As a coach you control a lot of aspects of your team. The number one thing that you control is who plays and who doesn’t. Playing time is the lifeblood of any player and when you take that away from them they have very few options, but to do things your way. You can’t bench players for every mistake or every deficiency that they may have. Every player will make mistakes, like you they are human. Don’t ever think that you can coach a player to be perfect as that player doesn’t exist.

I think effort across the board from your best players to your worst should be judged the same. Respect to the team players/coaches again should be universal. There should be rules that are black and white that your team lives by. You need to draw the line in the sand that these rules can’t be bent or broken or their will be consequences. Yes, you can run guys and put them on the line, but just like yelling at them that will only go so far.

By using the tactic of sitting players, you have to understand a few things. First off you have to be willing to do this to all of your players. You can’t just do this for the players who come off the bench from top to bottom this has to apply. Secondly sitting players for missing shots will never get anything accomplished. As long as they are playing within their role, giving effort, and playing unselfishly sitting them shouldn’t apply. Here are some of the reasons to sit players.

1.) Not giving effort

2.) Playing outside of their role

3.) Being Selfish on the court, not contributing to winning

4.) Not knowing plays

5.) Any sign of disrespect to teammates and staff

6.) Not playing on both ends of the court

There are times where coaches will have to lose their cool during certain situations. I think it’s human nature to get upset by a lack of effort etc. It’s good for players to know and understand when you are frustrated with their play, but pick your spots and don’t make it an every day thing. In the end we are all teachers and players need to be taught.

We have all heard the phrase treat people the way you want t be taught. It’s amusing to me to interact with coaches that scream, yell, and go nuts. They all want to lose their cool with players, but HATE when people are confrontation with them. No one wants to be cussed out on a regular basis. We want to be treated with respect and the same should be for your players.

In the end 99.9% of the players that are out there aren’t making the Professional ranks. They are kids that are going to graduate high school/ college and go into the real world. Make their experience with you a positive one that are taught life lessons and how to compete. I think your most important teaching points to any player that you coach is respecting authority, preparing for competition, and to be an unselfish person willing to help others.
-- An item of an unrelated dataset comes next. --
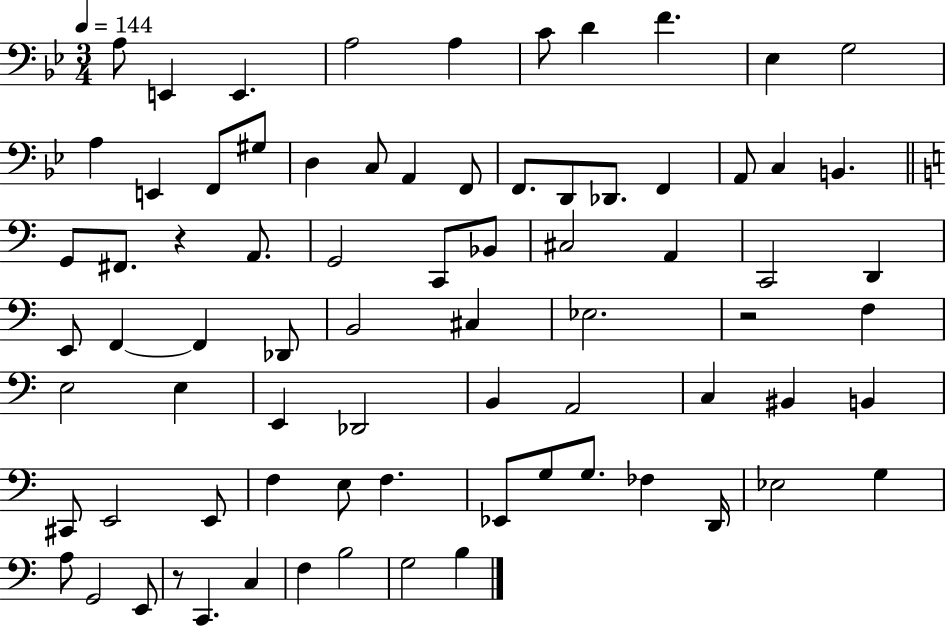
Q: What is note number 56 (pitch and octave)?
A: F3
Don’t be that coach that players hate to be around and are afraid to make mistakes with. Be that coach that players want to learn from and will be fair to the whole team. In the end teach them how to get better and how to compete. If they are on your page reward them with opportunity, if they are not on your page reward them with the bench. Both will be great teaching points that will teach them the most important point.. NO PLAYER IS BIGGER THAN THE TEAM.